Directions for this task:
Print, exactly as they stand, the lines below from the one that has "Trottinette Électrique Occasion" to the one that has "12770475 SAAB 9-5", inclusive, leaving out the pictures.

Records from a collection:
________________________________________

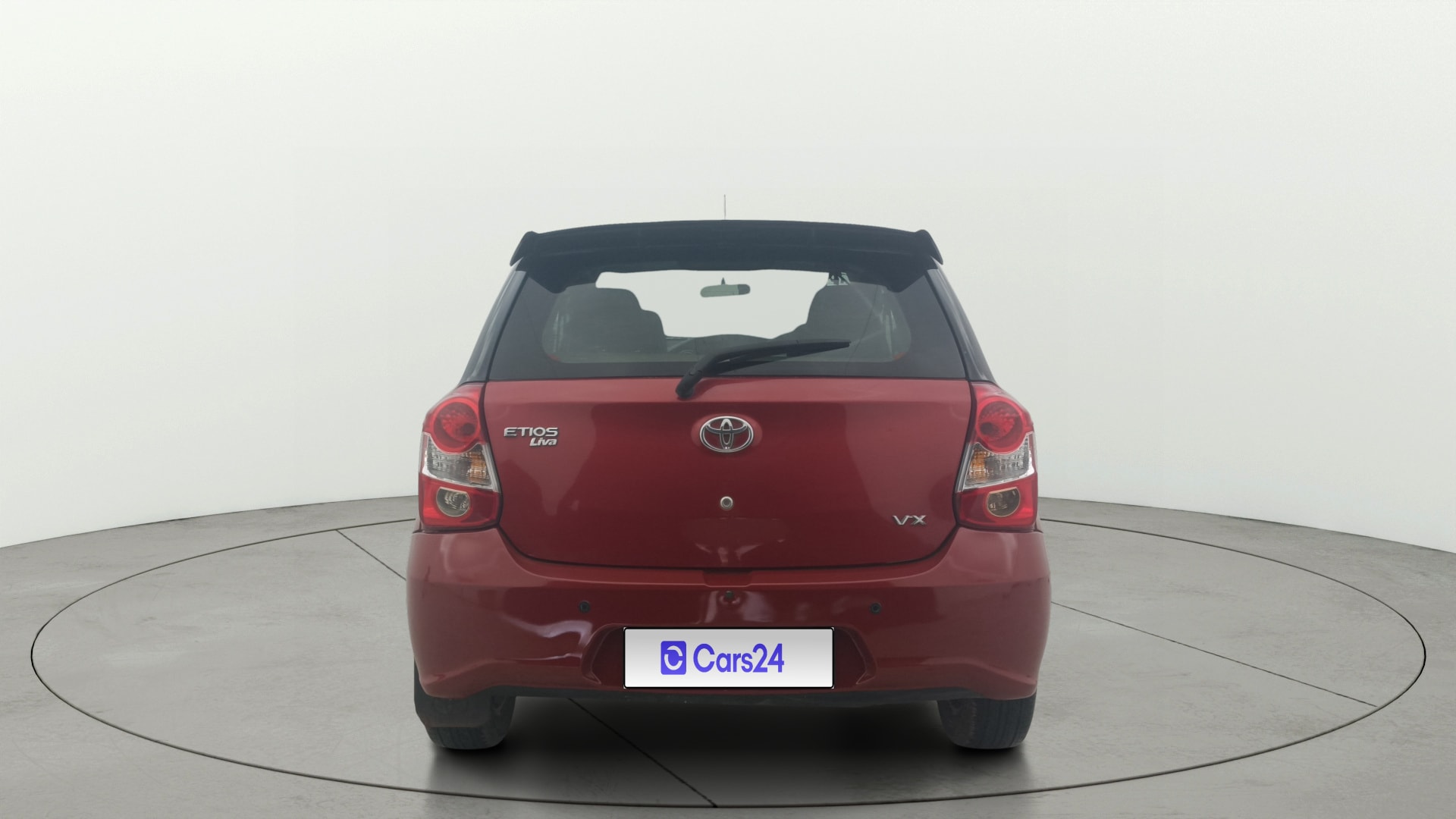 View 2017 Toyota Etios Liva VX Image 41 Used 2017 Toyota Etios Liva VX Image 41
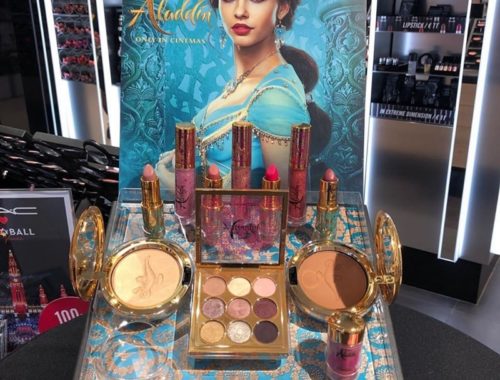 MAC + Aladdin | Lançamento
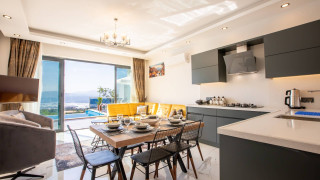 VKV9860 Villa Kalkan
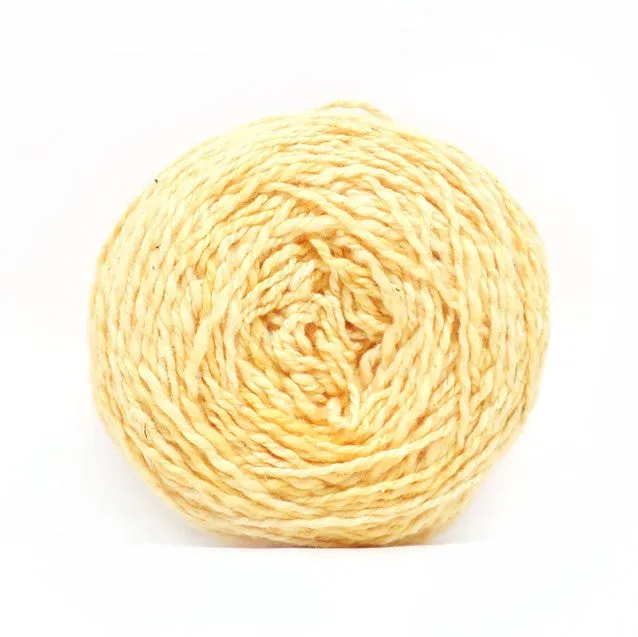 Nurturing Fibres | Eco-Lush Yarn: Cotton & Bamboo Blend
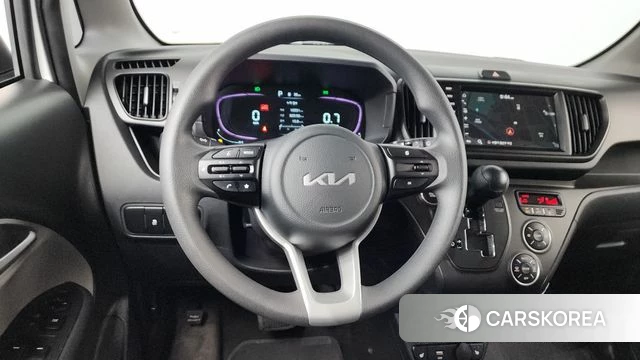 Kia The New Kia Ray 2023 Белый из Кореи, фото 5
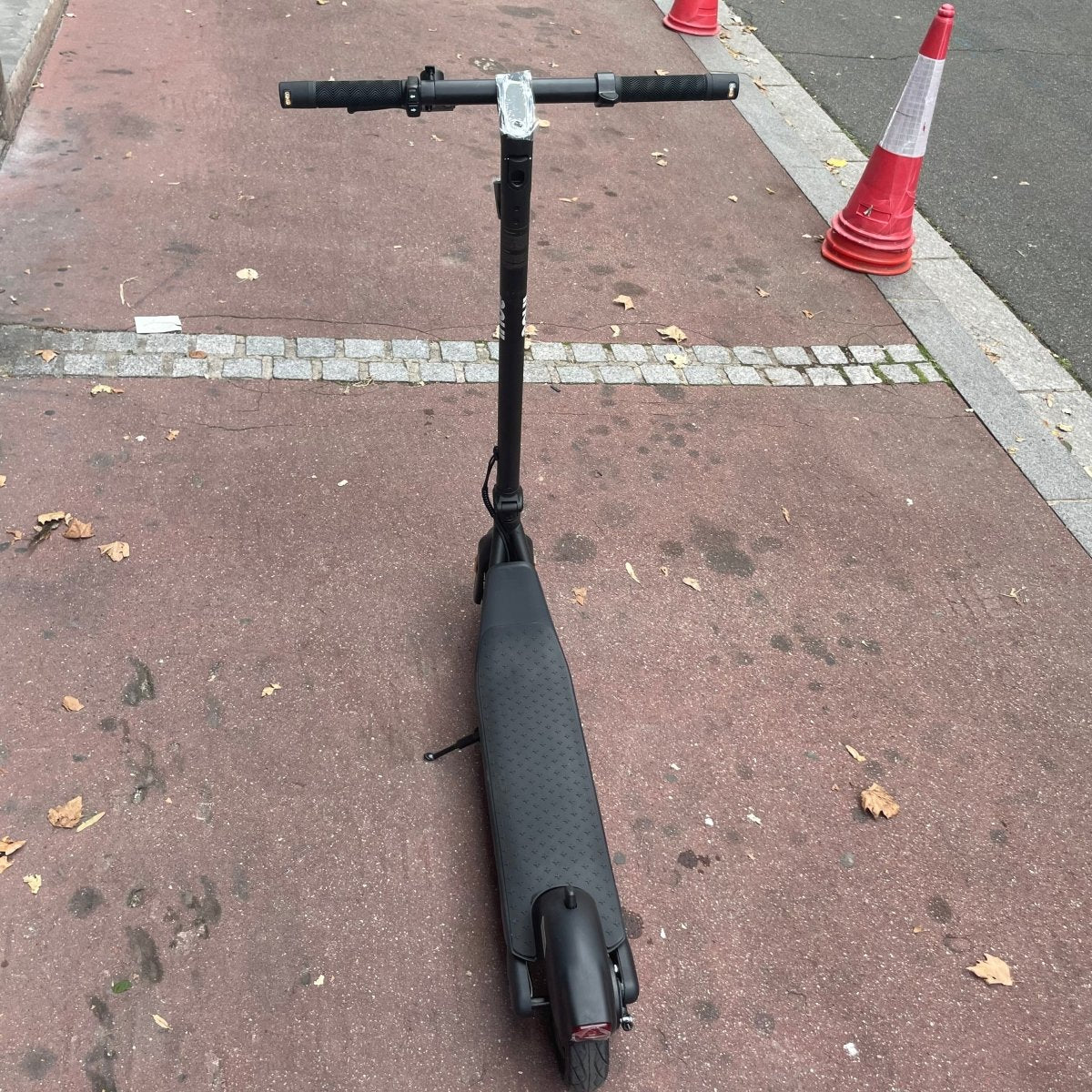 Trottinette Électrique Occasion Inöe Bloomy 3 : Reconditionnée - Weebot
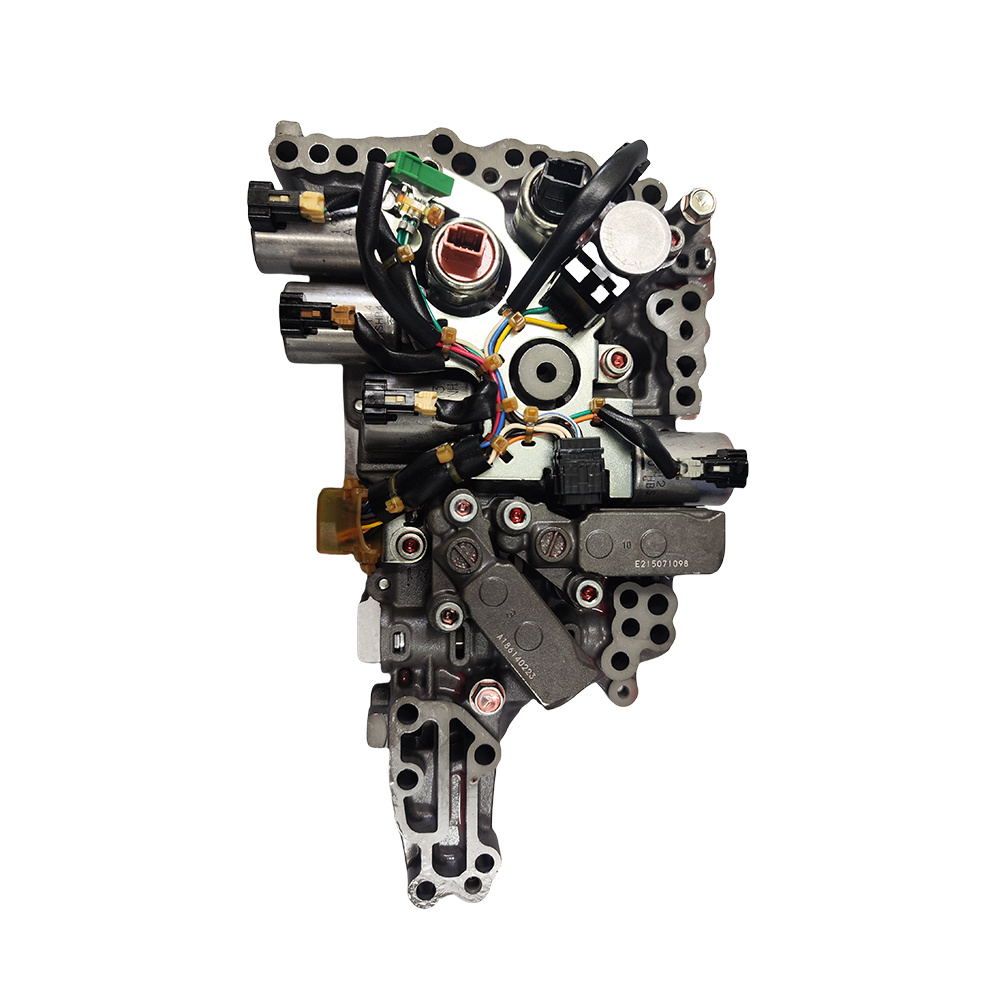 Nissan JF017 CVT Transmission Valve Body with Gasket for Models Sylphy Sunny Tiida Teana Qashqai X-Trail Livina Gear Boxes - Image 3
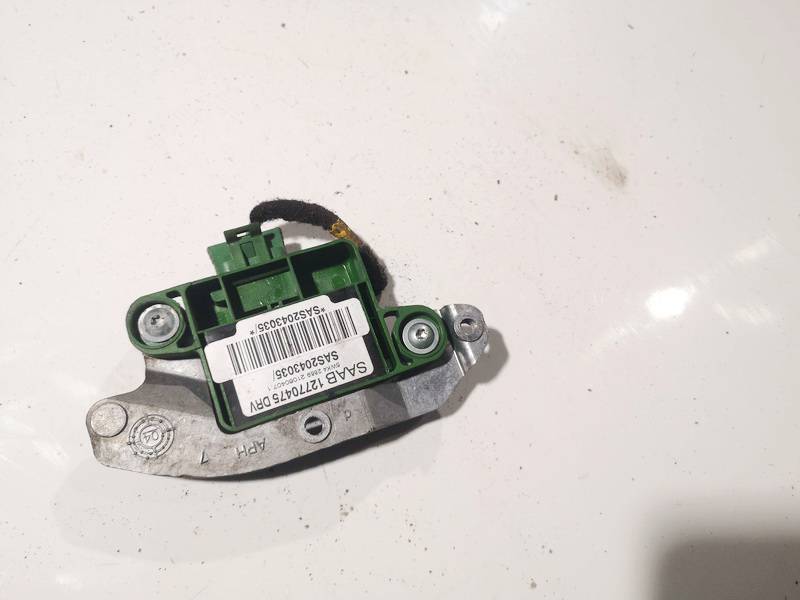 12770475 SAAB 9-5 2006 Czujnik poduszki powietrznej SRS - Thumbnail 2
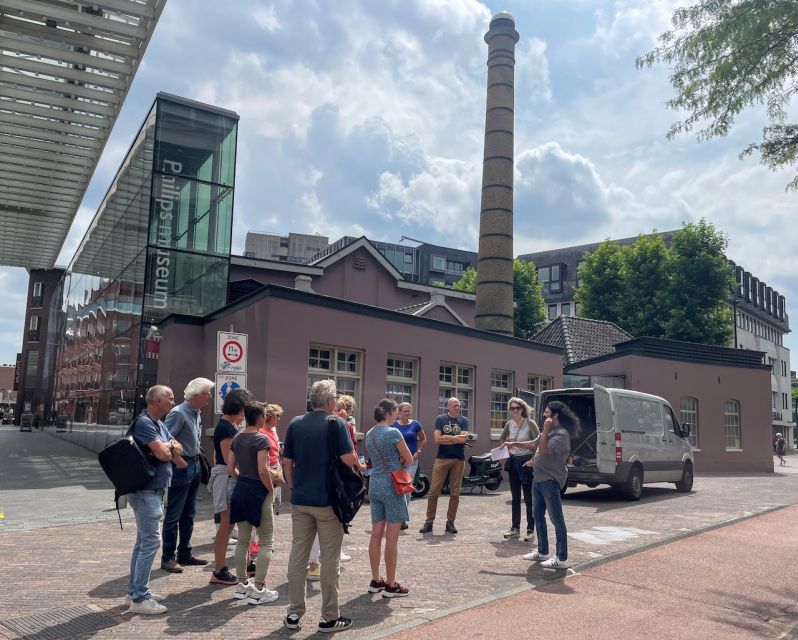 Eindhoven Walking Tour With a Local Comedian as Guide - Pricing and Availability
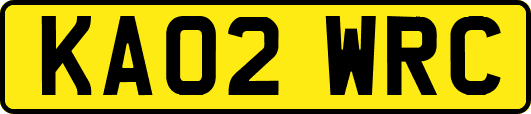 KA02WRC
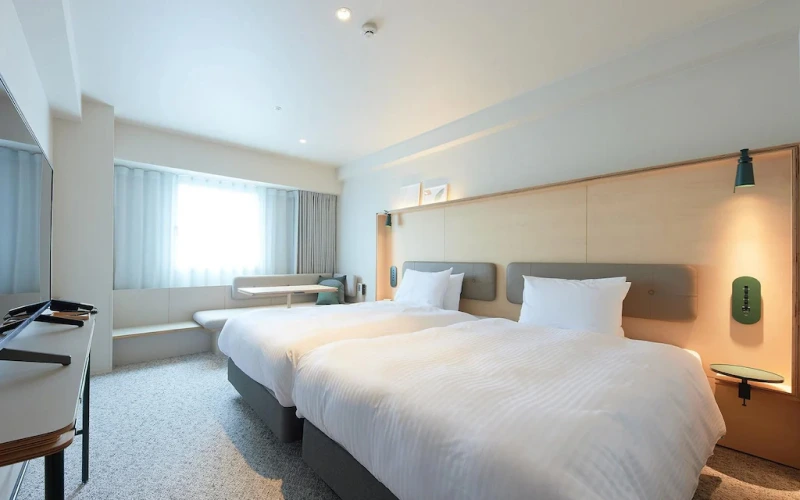 10 ที่พักซัปโปโร ใกล้สถานีรถไฟ อัปเดตล่าสุด 39 โรงแรม KEIKYU EX HOTEL Sapporo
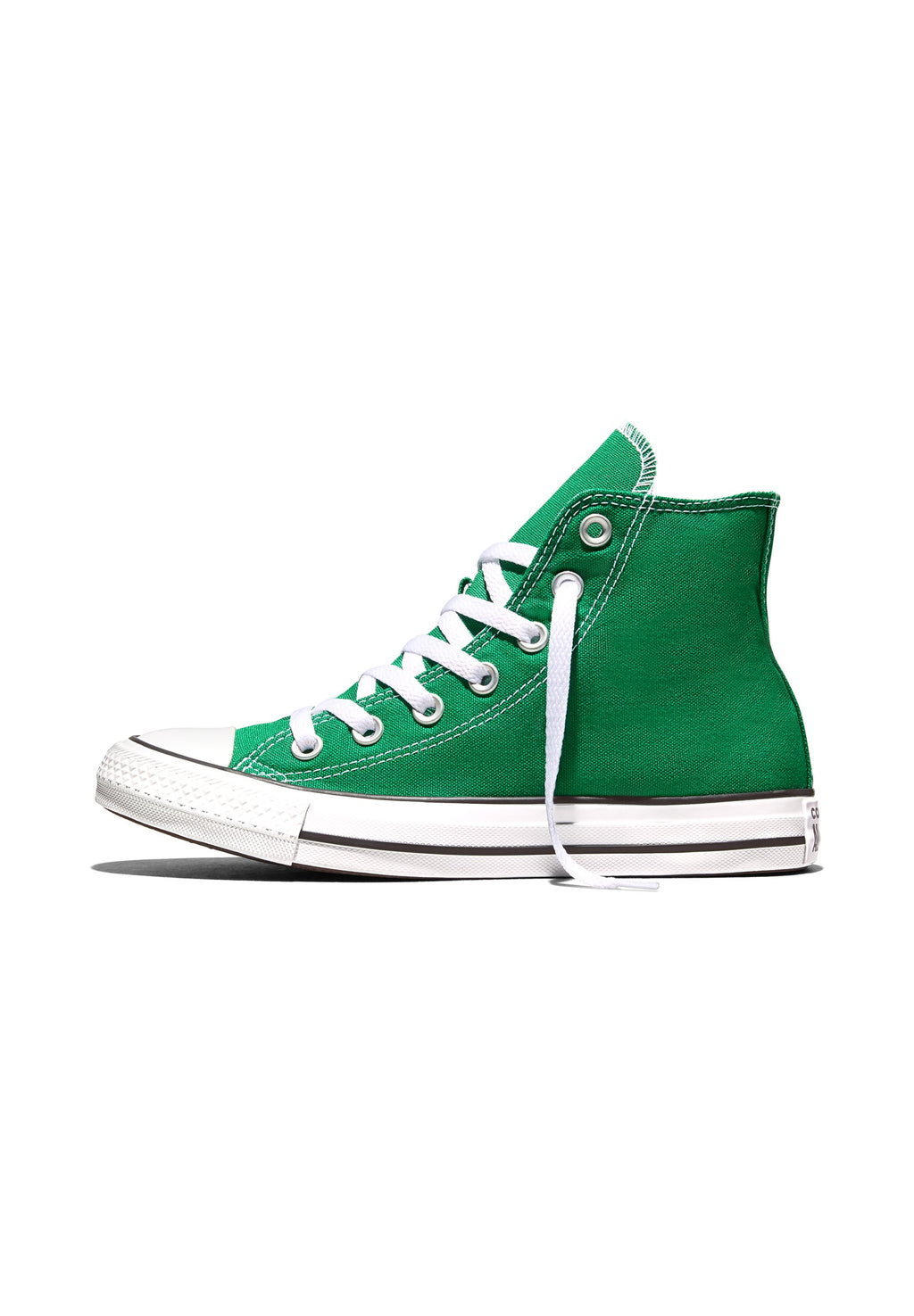 CHUCK TAYLOR ALL STAR UNISEX - High-top trainers - amazon green/white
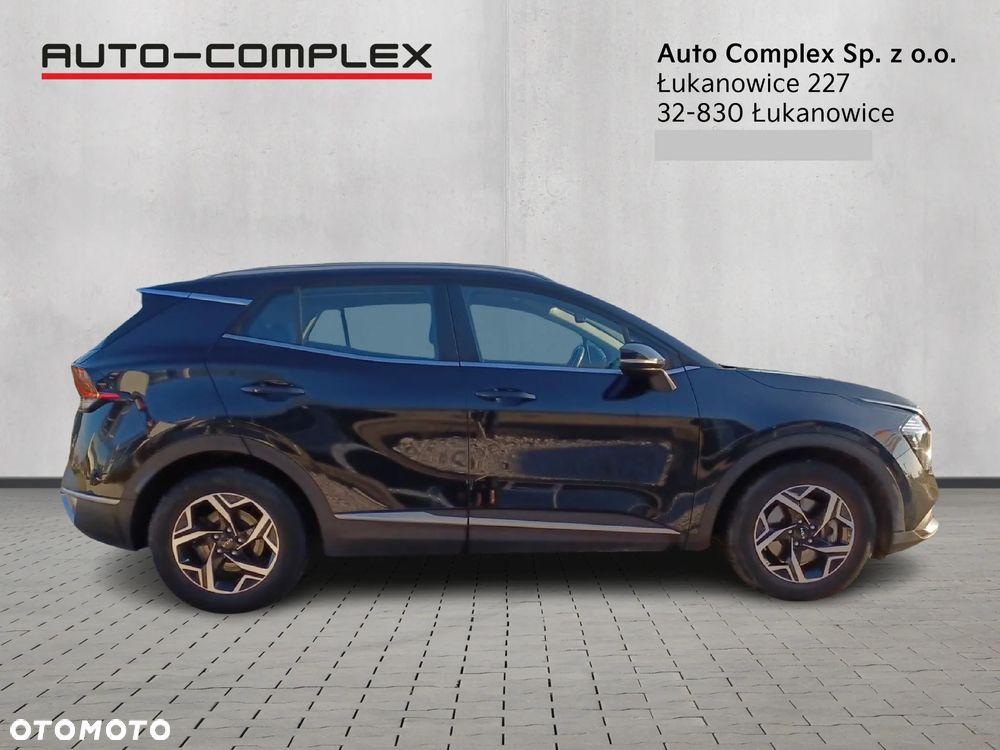Kia Sportage - 6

________________________________________

Answer section:
 Trottinette Électrique Occasion Inöe Bloomy 3 : Reconditionnée - Weebot
 Nissan JF017 CVT Transmission Valve Body with Gasket for Models Sylphy Sunny Tiida Teana Qashqai X-Trail Livina Gear Boxes - Image 3
 12770475 SAAB 9-5 2006 Czujnik poduszki powietrznej SRS - Thumbnail 2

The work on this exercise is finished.